Gallerist Andrea Rosen surprised the New York art world with an announcement on Tuesday that she will be closing her eponymous gallery in Chelsea after 27 years.

“I have come to realize that in order for me to be fearlessly open and responsive to our times and the future, [it] requires mobility, flexibility and the willingness to change, and consequently, I have decided to shift my life, and the focus of the gallery, in a significant way,” Rosen wrote.

Rosen will continue to represent the estate of conceptual artist Felix Gonzalez-Torres whose work inaugurated her gallery in 1990. However, she will do so in partnership with mega-dealer David Zwirner. “I approached David to co-represent Felix, as Zwirner Gallery is the obvious choice, as I very much respect the rigor of David’s program and his gallery’s focus on the holistic representation of artists.”

Other contemporary artists, including Wolfgang Tillmans, Yoko Ono, Lynda Benglis, John Currin, David Altmejd, Ryan Trecartin and Lizzie Fitch, have also been represented by Rosen, along with the 20th-century work of László Moholy-Nagy and others.

Said Rosen, “While the gallery will continue to exist, with selective activities, like the representation of Felix Gonzalez-Torres, I will no longer have a typical permanent public space and therefore no longer represent living artists.
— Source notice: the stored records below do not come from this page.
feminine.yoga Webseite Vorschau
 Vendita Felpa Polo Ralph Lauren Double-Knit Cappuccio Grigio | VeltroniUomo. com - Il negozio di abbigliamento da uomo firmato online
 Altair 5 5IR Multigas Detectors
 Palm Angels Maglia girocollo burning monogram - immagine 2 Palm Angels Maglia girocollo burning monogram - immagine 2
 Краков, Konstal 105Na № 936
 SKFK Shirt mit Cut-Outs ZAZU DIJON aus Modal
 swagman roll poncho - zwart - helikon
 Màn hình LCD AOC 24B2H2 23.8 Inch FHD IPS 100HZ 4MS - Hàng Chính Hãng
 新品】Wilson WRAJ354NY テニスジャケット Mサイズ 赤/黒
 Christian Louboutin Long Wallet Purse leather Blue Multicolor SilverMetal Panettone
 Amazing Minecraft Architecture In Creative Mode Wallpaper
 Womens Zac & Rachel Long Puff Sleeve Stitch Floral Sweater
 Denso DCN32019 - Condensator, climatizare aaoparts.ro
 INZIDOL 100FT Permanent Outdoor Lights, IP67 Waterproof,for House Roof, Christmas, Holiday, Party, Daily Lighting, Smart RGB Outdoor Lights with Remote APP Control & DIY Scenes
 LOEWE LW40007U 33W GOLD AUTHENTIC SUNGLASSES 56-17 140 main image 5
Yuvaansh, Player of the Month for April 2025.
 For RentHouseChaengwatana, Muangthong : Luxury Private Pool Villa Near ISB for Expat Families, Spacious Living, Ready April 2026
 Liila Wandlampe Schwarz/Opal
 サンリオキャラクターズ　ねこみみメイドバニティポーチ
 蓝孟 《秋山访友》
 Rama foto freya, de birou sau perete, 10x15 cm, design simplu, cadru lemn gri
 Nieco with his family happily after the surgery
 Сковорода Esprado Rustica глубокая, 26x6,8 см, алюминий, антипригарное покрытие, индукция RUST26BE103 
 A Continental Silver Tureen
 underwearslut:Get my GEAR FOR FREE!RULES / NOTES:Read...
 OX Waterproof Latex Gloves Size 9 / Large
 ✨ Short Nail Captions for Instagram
This transition will transpire over the next few months.”

The decision to close doors seemed to occur after the November election of President Trump, notes W Magazine. Rosen explained, “I have always felt that being open to the public and supporting artists was the perfect conduit for everything I care about. Yet I realized that the only way to be truly available and in order to set an example for my daughter of what it means to try to be an active, kind and connected citizen, or to try and live without ethical compromise requires time and the simplification of my life.”